Sans vous en faire le reproche, monsieur le président, je regrette la censure de la plupart des amendements du groupe Socialistes et apparentés au titre de l'article 45. Il est pour le moins ubuesque de les avoir écartés au motif qu'ils portaient sur la filière betterave et que n'y était pas spécifié le terme « néonicotinoïdes », alors qu'ils visaient précisément à circonscrire la portée de ce texte à la culture de la betterave. Admettez le paradoxe ! Nous espérons que vous ferez preuve de tolérance et nous accorderez un peu du temps de parole dont nous aurions dû disposer.
Je veux dire dans quel état d'esprit nous sommes à l'orée de ce débat qui nous occupera plusieurs heures ici, puis en séance, où nous pourrons être plus prolixes. Nous refusons les postures, la caricature, tout ce qui est à même d'exacerber les tensions entre l'agriculture et la société, entre le monde économique et l'ambition écologique. Nous nous situons clairement du côté de la responsabilité, de la dignité des travailleurs, employés des sucreries et paysans. Nous défendons la notion de contribution de la France à la sécurité alimentaire globale, plutôt que le concept de souveraineté alimentaire, rappelant que le capital de biodiversité est notre assurance-vie.
Nous chercherons à concilier les deux orientations en proposant, par des compensations économiques intelligentes, à engager – enfin ! – la transition vers des pratiques culturales, génétiques, agronomiques et commerciales. À cet égard, la haute valeur environnementale (HVE), que vous n'avez pas mentionnée, monsieur le ministre, pourrait devenir en ces temps de crise une ambition pour la filière betterave, voire un élément de négociation, à titre expérimental, pour les aides européennes. Cela constituerait une voie de sortie.
Cette dérogation, si elle devait être autorisée, ruinerait la parole publique, créerait des tensions dans le pays et marquerait un retour en arrière sur le plan de la biodiversité et des pollinisateurs. Les compensations économiques doivent être intelligentes et justes. Car cette question que nous posent les betteraviers, les éleveurs laitiers, les producteurs de colza ou encore les producteurs de fruits et de légumes pourront nous l'adresser demain. Le secteur de la betterave ne jouit pas de prérogatives singulières, les efforts à réaliser pour engager la transition écologique sont aussi importants ailleurs. Les efforts publics devront être justes et préfigurer un modèle de transition sociale et écologique pour le bien commun, qui accompagne les agriculteurs et tous les travailleurs concernés.

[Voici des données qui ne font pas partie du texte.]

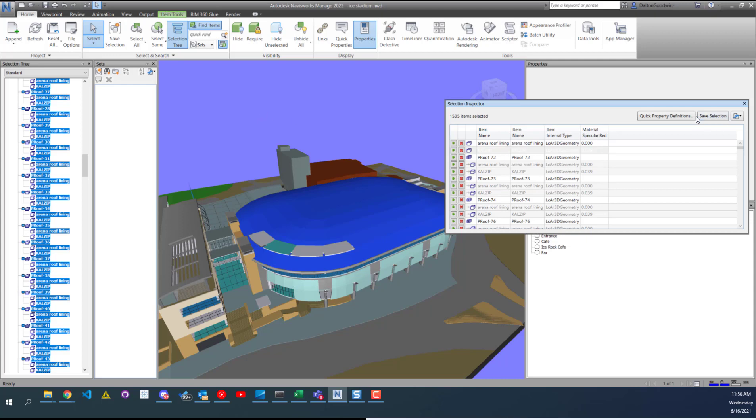Selection sets are always the same. It's whatever items you selected, that's what is always going to be the selection set. You can update them, but it's all manual.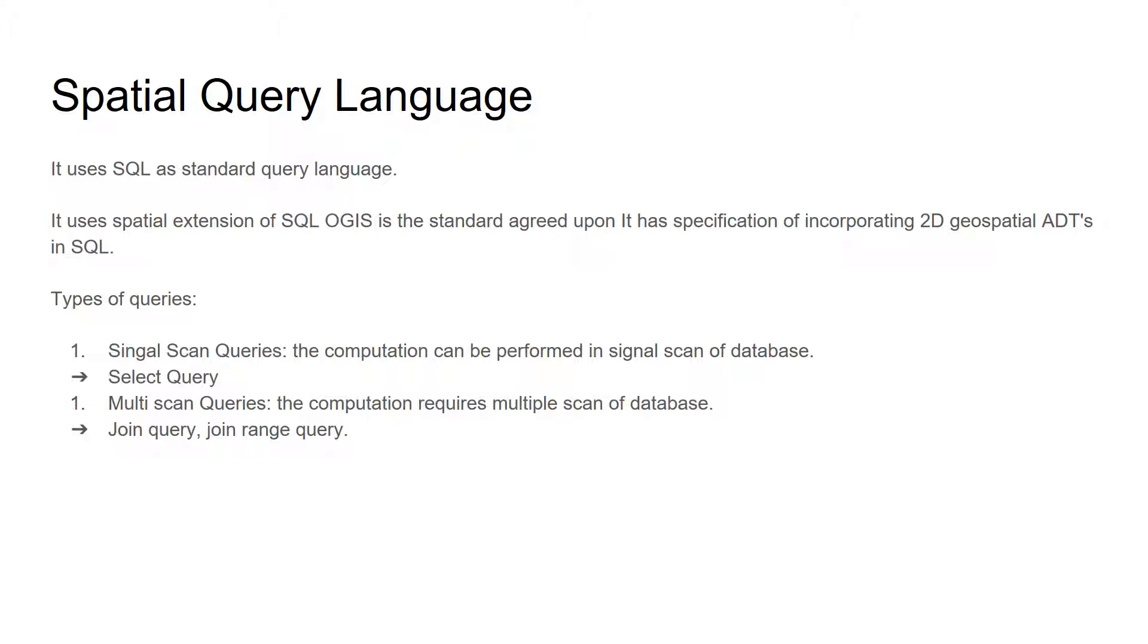There are two types of queries. One is single scan queries which require a single scan of database to perform its operation. The example of such queries can be select query. And second is multi-scan query. The computation requires multiple scans of database. The example of such queries can be join query or spatial range query.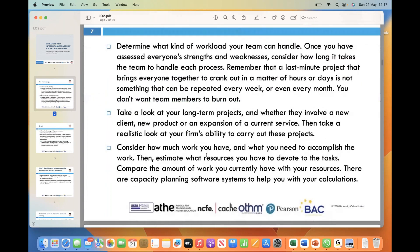When considering taking on a new client, developing new products, or expanding current services, it is vital to evaluate your firm's capacity to successfully execute these initiatives. Assess your team's expertise, available resources, and workload capacity. If the workload exceeds your team's capabilities, you may need to consider alternatives such as outsourcing, hiring additional staff, or extending project timelines. This evaluation ensures that your team can deliver high-quality work without compromising their wellbeing.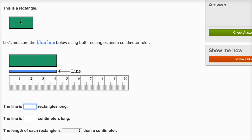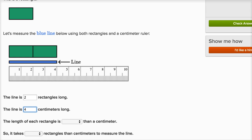This is a rectangle. Let's measure the blue line below using both a rectangle and a centimeter ruler. When we look at this blue line, the line is two of these green rectangles long, so it is two rectangles long. Now in terms of centimeters, it is four centimeters long. The length of each rectangle is longer than a centimeter — each rectangle is actually two centimeters, so it's longer than a centimeter.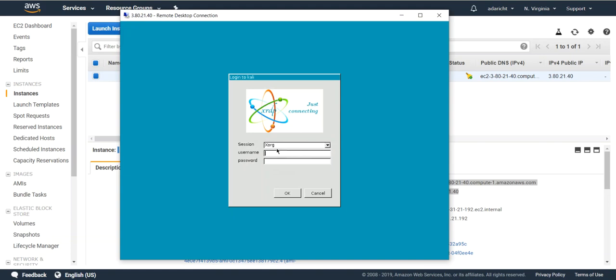When you connect go and leave this session set to xorg. You'll want to do ec2-user as the user name and then the password that you set in the prior steps.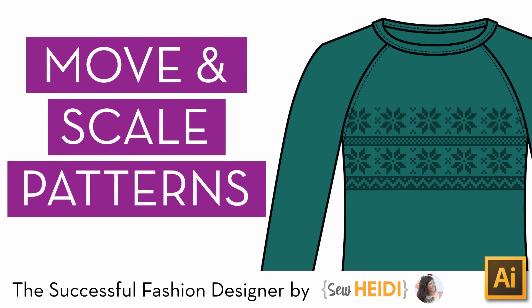Hi guys, this is So Heidi with The Successful Fashion Designer, and this tutorial came in from Christine. Christine asked how do I position a repeating pattern along the chest of a garment, to put it in kind of clunky words.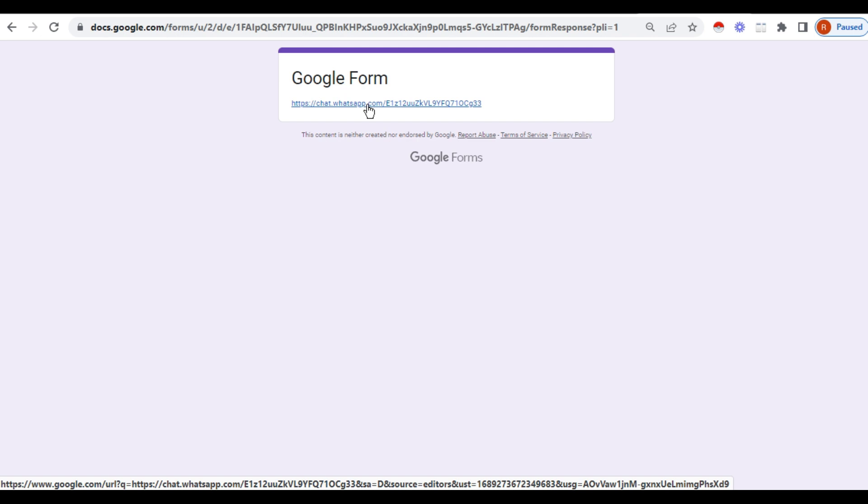That is, prepare the Google form, go to settings, in the presentation enter the link of the WhatsApp group, go to save, finished. Share the Google form link to your friend or from whom you need the response.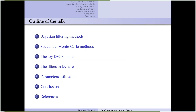Here is the outline of the talk — each section will be divided by an audio file with a comment. The first part will be devoted to Bayesian filtering methods, where I will introduce the notations and discuss the linear versus non-linear form of the model and what it implies in terms of estimation method.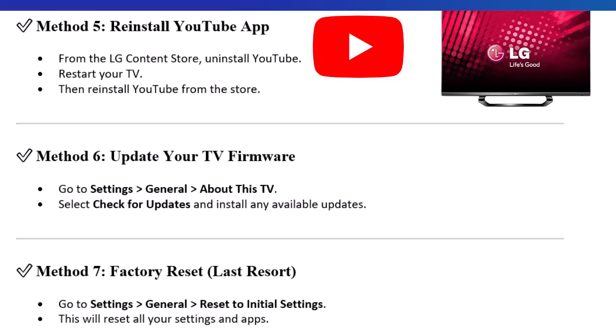Method 6: Update your TV firmware. Go to Settings, General, About This TV. Select Check for Updates and install any available updates.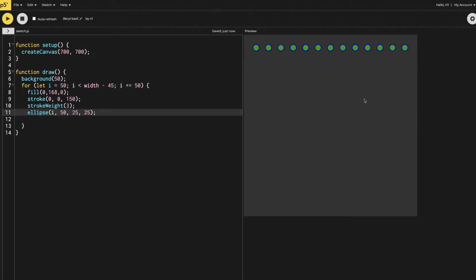Let's see our first group of ellipses. Save it and you can see our first group of ellipses appeared — at y-position 50, with `i` starting from 50, properly arranged. Now I want more ellipses appearing on the whole screen.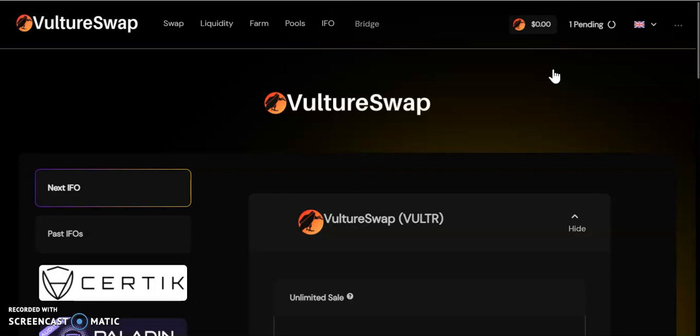I'm going to leave the links in the description if you want to check this platform out. Stay tuned for the next one. Have a blessed day, I'm out.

Monsieur le ministre, j'aimerais que nous tirions les leçons de nos échecs. Après des débats incroyablement difficiles sur le glyphosate – on a été jusqu'à nommer un préfet glyphosate ! –, des collègues s'apprêtent à proposer la création d'un comité spécial « néonicotinoïdes betterave ». Mais où va-t-on ? Le plan Écophyto, issu du Grenelle de l'environnement, est à l'arrêt depuis plusieurs années, sans pilote pour mobiliser les parties prenantes. Ce type d'écueil nous conduit à une guerre qui nous déchire. Nous devons nous attaquer aux dérégulations économiques mais aussi à la puissance publique, qui a fait preuve d'incurie ces dernières années. Pour éviter l'agribashing, il faudra réinsuffler de la démocratie, de la raison et de la justice.